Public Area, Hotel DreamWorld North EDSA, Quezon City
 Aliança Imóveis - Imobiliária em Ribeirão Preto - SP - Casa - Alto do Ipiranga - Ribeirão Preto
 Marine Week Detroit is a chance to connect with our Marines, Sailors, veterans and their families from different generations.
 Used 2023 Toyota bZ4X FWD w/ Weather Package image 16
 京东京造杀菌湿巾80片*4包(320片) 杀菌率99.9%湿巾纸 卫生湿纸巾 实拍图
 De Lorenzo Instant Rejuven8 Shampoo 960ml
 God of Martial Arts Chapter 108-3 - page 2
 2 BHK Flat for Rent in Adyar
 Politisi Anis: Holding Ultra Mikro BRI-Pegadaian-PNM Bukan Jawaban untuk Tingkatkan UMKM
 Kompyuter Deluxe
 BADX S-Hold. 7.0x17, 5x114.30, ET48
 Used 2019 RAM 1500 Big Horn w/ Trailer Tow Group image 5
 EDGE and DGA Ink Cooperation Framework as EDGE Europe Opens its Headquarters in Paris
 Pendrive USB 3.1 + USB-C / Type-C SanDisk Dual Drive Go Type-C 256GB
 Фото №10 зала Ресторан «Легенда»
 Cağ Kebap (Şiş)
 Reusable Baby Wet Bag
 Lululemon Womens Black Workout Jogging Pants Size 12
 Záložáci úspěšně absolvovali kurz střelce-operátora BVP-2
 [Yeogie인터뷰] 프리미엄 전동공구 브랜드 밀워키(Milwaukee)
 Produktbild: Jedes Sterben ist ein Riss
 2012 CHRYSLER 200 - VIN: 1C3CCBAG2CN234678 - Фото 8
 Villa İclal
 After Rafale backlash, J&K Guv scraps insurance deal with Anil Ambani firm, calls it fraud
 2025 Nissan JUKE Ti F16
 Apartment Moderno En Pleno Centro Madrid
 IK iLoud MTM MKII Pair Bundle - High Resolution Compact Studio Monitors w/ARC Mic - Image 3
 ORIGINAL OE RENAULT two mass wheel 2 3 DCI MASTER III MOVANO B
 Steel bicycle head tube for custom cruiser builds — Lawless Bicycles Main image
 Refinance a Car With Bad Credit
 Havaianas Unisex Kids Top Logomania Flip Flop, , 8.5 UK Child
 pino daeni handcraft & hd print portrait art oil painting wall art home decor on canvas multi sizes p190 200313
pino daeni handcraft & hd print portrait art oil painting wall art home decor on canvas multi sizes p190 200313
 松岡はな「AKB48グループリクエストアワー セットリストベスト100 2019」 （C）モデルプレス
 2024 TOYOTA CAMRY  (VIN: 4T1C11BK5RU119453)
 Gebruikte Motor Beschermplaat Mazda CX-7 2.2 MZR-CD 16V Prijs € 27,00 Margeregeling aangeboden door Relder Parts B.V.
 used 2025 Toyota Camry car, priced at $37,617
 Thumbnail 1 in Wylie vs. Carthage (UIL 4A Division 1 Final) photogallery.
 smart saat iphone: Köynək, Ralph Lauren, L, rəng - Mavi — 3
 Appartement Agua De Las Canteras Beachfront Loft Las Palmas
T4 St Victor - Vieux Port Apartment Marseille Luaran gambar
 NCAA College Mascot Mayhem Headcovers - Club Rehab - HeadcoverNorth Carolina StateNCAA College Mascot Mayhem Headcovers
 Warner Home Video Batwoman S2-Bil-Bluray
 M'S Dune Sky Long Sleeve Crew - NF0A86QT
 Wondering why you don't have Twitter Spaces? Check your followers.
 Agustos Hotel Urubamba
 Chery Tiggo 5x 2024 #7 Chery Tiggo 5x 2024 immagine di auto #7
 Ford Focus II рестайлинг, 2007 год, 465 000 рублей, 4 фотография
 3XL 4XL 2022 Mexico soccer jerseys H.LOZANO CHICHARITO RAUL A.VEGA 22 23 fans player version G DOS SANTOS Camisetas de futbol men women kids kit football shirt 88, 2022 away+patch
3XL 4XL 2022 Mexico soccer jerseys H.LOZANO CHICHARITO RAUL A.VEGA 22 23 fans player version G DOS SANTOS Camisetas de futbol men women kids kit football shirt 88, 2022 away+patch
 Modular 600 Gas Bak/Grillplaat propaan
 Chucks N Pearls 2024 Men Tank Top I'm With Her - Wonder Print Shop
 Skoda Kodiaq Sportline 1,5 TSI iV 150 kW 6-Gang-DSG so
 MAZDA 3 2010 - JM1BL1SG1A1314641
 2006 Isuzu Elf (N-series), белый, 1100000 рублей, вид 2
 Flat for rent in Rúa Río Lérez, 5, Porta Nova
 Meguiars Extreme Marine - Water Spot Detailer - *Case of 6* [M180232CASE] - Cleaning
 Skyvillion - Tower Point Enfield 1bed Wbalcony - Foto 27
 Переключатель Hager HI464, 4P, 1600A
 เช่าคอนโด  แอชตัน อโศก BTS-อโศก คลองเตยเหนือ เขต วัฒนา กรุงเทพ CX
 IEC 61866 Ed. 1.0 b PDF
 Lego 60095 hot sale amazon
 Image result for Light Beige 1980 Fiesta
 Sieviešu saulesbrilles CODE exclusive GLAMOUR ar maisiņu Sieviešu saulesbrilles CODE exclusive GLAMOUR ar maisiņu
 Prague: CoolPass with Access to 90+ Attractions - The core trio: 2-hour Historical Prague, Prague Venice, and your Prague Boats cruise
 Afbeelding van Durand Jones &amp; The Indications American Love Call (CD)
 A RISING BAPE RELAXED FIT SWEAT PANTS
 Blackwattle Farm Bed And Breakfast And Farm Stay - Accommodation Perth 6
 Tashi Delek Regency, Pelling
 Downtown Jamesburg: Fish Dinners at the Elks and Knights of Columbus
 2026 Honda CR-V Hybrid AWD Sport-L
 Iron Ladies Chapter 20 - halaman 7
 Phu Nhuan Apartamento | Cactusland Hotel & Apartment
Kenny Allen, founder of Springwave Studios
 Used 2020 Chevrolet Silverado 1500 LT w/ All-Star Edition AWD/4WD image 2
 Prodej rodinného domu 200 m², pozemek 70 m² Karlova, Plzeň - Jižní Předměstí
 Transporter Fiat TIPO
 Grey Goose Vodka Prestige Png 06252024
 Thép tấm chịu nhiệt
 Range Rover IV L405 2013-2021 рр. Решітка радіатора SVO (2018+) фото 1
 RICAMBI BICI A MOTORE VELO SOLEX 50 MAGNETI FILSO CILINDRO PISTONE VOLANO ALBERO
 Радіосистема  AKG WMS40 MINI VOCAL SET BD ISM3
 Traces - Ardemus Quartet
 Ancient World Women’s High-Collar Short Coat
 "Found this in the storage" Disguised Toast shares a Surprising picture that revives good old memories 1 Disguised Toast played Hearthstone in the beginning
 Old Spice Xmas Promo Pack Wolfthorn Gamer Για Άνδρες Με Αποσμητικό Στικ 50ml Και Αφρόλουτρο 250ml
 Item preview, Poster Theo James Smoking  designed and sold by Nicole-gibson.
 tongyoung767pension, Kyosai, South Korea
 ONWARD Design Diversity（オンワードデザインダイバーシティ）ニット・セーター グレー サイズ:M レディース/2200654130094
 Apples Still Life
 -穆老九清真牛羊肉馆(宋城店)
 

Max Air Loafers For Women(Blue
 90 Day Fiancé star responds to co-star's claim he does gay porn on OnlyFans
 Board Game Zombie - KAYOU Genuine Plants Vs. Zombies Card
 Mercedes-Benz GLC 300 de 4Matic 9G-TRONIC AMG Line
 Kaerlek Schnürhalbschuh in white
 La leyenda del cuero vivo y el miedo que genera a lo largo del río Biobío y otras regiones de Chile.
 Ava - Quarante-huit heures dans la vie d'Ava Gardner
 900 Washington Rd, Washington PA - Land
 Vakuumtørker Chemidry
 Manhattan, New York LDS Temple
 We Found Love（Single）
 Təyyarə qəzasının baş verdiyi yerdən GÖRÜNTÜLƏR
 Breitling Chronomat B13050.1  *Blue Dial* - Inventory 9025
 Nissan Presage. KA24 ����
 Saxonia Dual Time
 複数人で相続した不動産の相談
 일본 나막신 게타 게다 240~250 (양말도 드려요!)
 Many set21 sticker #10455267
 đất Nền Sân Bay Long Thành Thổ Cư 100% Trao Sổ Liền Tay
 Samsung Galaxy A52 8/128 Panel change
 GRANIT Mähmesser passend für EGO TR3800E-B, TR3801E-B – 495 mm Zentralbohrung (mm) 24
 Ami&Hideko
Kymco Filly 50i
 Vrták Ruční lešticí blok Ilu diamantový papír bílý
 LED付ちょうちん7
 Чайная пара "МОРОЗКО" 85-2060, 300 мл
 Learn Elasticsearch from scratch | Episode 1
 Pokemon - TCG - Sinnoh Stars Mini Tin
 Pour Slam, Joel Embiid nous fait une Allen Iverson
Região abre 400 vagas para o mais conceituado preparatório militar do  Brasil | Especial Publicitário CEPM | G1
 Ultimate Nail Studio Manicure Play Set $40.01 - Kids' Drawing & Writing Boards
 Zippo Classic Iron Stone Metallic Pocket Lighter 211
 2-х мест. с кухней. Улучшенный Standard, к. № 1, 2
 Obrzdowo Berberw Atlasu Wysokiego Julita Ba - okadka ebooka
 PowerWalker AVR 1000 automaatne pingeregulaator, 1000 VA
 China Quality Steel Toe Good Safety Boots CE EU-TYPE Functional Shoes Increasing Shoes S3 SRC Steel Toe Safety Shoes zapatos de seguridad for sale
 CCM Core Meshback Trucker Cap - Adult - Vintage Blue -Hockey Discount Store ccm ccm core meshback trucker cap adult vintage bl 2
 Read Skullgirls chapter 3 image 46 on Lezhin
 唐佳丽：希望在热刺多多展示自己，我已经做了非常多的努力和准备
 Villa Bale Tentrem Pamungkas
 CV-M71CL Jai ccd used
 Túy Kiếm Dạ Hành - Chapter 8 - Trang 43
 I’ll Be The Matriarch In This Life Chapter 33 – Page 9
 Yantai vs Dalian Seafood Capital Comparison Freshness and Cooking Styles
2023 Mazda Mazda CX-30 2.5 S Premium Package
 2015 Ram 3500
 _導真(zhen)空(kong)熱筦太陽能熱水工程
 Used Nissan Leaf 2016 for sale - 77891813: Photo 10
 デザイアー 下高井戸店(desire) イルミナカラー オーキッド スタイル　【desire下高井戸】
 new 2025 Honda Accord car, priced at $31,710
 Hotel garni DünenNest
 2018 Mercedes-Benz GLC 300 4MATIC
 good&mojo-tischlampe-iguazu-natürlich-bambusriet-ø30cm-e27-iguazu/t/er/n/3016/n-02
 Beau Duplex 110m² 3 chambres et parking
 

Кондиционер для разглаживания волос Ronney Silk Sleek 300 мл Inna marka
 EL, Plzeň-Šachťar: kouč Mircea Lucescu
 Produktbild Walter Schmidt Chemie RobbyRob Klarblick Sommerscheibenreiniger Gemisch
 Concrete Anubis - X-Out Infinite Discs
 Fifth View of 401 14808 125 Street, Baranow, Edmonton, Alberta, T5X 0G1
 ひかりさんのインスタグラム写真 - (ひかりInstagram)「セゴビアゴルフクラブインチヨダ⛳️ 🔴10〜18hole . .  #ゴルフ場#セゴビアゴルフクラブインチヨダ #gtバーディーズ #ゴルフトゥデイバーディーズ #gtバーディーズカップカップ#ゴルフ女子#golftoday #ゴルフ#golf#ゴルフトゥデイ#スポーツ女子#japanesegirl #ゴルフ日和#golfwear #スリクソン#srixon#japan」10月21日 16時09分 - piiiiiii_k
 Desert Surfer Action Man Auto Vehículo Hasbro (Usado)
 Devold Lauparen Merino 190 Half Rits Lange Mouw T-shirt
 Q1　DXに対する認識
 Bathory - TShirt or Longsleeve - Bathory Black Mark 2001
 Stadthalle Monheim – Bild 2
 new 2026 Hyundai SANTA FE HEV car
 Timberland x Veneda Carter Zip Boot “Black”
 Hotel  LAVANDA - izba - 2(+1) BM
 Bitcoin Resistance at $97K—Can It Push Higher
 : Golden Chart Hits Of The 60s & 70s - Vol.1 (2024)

┄┄┄┄┄┄┄┄┄┄┄┄┄┄┄┄┄┄┄┄

__What this task involves__: Retype exactly the lines of the data above that fall between the line with "Used Nissan Leaf" and the line with "2018 Mercedes-Benz GLC 300 4MATIC", inclusive, and add nothing.

__Exercise output__:
 Used Nissan Leaf 2016 for sale - 77891813: Photo 10
 デザイアー 下高井戸店(desire) イルミナカラー オーキッド スタイル　【desire下高井戸】
 new 2025 Honda Accord car, priced at $31,710
 Hotel garni DünenNest
 2018 Mercedes-Benz GLC 300 4MATIC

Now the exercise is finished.